Inference-time scaling law: MARS achieves the highest performance under an equivalent token budget, and reaches a given performance level with the lowest token cost.

Highlights & Insights¶

Modeling APO as a POMDP is the key theoretical innovation—the Student's internal reasoning state serves as the hidden state, Teacher/Critic interactions are actions, the prompt is the observation, and task performance is the reward, forming a complete mathematical framework.
The analogy between Socratic teaching and pseudo-gradient descent is particularly elegant—the Teacher's question corresponds to the gradient direction, the Critic's evaluation to gradient correction, and the Student's update to a parameter step—with a formal proof of the cumulative improvement lower bound.
Requiring only 1 training sample is a striking result, suggesting that the essence of APO is "understanding task specifications" rather than "fitting training data," and that the Planner's task comprehension capability is the core driver.
The appendix provides the final optimized prompts for all 17 tasks, which are directly reusable.

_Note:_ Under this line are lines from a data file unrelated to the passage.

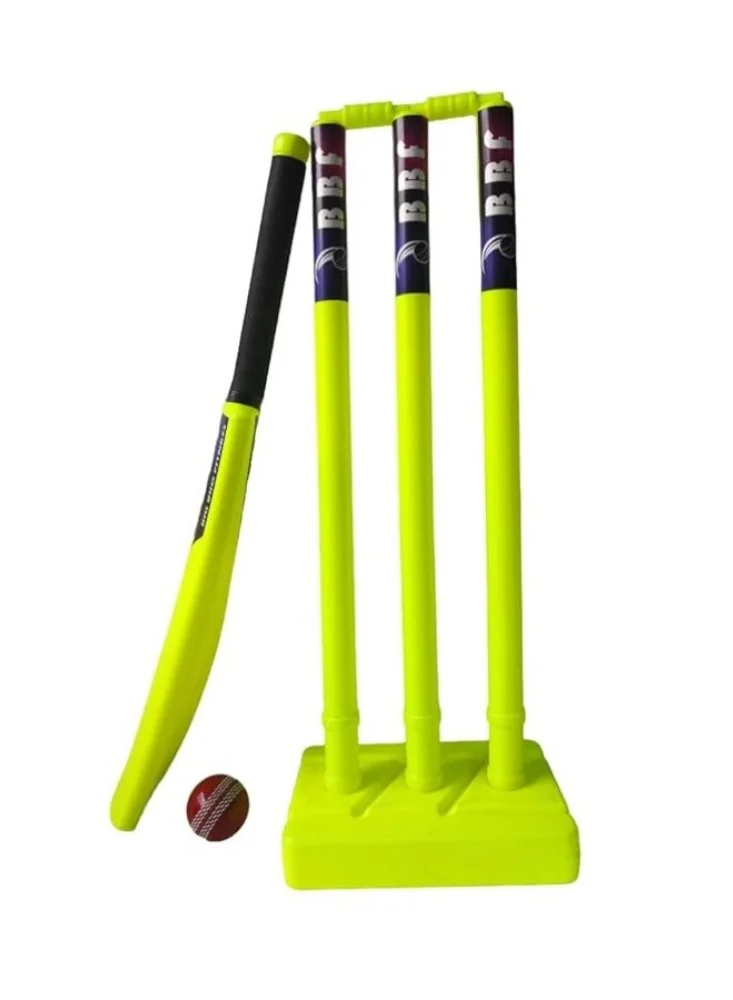 BLAZE Plastic Cricket Bat Set Lightweight Durable Sports Gear for Kids Outdoor and Indoor Play (Junior Size) jpj7s
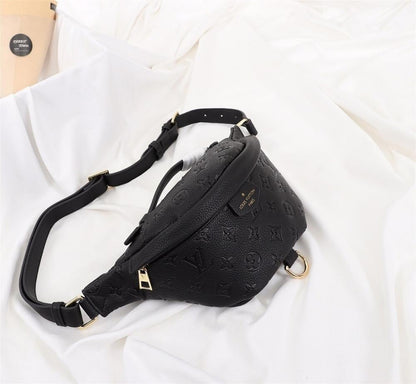 Classic Luxury Monogram Leather Shoulder Bag
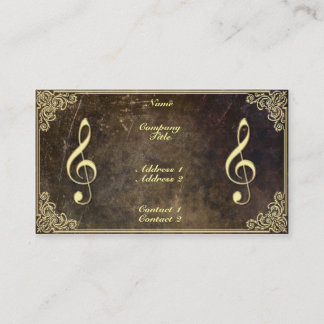 Professeur de Musique - Carte de Visite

Limitations & Future Work¶

The five-agent architecture incurs substantial inference overhead (5 LLM calls per round), making it sensitive to computational budgets.
The framework relies on DeepSeek-V2.5 / GPT-4o as agent backbones; smaller models may be inadequate for the Teacher and Planner roles.
The POMDP hidden-state transition \(\mathcal{T}\) is implicitly realized by the LLM rather than being precisely modeled; the theoretical assumptions (Lipschitz continuity, bounded variance) may not hold strictly in practice.
Evaluation is limited to text classification, QA, and mathematical reasoning tasks; generative tasks (e.g., summarization, translation) are not assessed.
Whether the Planner-generated sub-goal sequences are genuinely superior to manually designed ones lacks comparison against human expert prompt engineers.

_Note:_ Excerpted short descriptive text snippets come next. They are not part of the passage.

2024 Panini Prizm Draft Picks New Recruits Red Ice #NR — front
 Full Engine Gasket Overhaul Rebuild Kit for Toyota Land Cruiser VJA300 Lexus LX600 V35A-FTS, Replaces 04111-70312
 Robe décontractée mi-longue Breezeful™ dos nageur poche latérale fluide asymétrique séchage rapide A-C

vs. OPRO: OPRO uses a meta-prompt to directly instruct an LLM to generate an optimized prompt—a single-agent approach. MARS employs multi-agent Socratic dialogue for iterative refinement, converging faster (5 rounds vs. 10+) with higher performance.
vs. PE2: PE2 is the previous SOTA meta-prompt method; MARS surpasses it by over 6% on all tasks with greater computational efficiency.
Implications for agent research: The Teacher-Critic-Student triad pattern is transferable to other agent tasks requiring iterative refinement, such as code debugging, text revision, and solution optimization.

Rating¶

Novelty: ⭐⭐⭐⭐⭐ POMDP modeling combined with a Socratic five-agent framework represents a paradigm-level innovation in APO, with both rigorous theory and complete methodology.
Experimental Thoroughness: ⭐⭐⭐⭐⭐ 17 datasets, ablation studies, convergence analysis, cross-model validation, 1-shot analysis, and inference-time scaling law—comprehensively evaluated.
Writing Quality: ⭐⭐⭐⭐⭐ POMDP formalization is rigorous, Propositions are fully proven, and the appendix is exceptionally detailed (all prompts and complete optimization trajectories included).
Value: ⭐⭐⭐⭐⭐ An APO method achieving SOTA with only 1-shot training data has high practical value; the multi-agent Socratic paradigm is broadly transferable.